▸ Assignment: Your answer must be every line of the data that contains "Newport".

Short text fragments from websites
■ ■ ■ ■ ■ ■ ■
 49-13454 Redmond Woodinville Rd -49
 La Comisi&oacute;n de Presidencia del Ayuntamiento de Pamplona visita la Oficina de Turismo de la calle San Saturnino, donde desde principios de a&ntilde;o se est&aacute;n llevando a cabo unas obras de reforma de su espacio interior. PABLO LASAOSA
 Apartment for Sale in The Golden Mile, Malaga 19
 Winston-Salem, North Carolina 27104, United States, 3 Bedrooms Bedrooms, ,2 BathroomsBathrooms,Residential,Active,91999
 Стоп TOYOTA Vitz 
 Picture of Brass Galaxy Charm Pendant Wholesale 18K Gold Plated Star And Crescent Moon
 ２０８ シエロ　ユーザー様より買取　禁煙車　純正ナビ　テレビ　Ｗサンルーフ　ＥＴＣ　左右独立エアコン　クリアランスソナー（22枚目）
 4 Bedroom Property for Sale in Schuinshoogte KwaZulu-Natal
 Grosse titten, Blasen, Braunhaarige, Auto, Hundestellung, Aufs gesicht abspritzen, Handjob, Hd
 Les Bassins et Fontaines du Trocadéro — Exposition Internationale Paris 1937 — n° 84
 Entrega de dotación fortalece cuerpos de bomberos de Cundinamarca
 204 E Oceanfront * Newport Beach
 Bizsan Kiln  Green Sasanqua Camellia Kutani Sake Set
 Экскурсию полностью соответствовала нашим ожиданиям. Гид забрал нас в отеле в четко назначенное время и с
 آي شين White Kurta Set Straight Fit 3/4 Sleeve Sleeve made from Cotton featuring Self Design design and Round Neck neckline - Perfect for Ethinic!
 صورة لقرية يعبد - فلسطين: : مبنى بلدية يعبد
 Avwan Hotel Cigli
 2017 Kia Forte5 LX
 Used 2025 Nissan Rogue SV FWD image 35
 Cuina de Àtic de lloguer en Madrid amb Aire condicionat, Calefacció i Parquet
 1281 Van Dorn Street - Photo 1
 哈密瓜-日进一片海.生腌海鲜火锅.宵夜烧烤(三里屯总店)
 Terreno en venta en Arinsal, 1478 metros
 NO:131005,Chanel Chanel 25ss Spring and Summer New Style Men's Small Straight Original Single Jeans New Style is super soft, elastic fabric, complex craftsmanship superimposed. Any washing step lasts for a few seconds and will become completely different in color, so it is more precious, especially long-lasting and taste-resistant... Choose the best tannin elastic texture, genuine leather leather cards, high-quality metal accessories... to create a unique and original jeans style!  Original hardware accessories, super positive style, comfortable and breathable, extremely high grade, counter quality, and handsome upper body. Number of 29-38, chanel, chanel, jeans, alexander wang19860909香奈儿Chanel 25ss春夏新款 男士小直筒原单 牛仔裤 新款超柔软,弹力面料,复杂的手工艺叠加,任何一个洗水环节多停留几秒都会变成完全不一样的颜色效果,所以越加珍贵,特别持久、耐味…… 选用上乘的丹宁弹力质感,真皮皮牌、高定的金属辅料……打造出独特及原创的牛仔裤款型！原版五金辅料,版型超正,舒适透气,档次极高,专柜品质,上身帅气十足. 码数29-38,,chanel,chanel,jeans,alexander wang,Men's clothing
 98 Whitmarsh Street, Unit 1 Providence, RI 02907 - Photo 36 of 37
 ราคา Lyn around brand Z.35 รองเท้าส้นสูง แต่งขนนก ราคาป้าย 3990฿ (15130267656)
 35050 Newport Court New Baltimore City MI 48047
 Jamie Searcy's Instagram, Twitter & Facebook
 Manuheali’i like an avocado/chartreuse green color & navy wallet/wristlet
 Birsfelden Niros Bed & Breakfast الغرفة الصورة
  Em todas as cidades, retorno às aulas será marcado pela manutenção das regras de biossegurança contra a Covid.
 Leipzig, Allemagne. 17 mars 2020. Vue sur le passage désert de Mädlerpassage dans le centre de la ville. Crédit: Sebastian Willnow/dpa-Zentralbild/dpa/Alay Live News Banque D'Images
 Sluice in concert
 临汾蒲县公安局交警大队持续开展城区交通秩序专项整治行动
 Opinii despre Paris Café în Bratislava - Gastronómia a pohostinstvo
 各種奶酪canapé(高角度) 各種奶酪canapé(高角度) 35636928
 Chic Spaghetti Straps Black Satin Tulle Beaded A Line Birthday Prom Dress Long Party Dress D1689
■ ■ ■ ■ ■ ■ ■
▸ Written response:
 204 E Oceanfront * Newport Beach
 35050 Newport Court New Baltimore City MI 48047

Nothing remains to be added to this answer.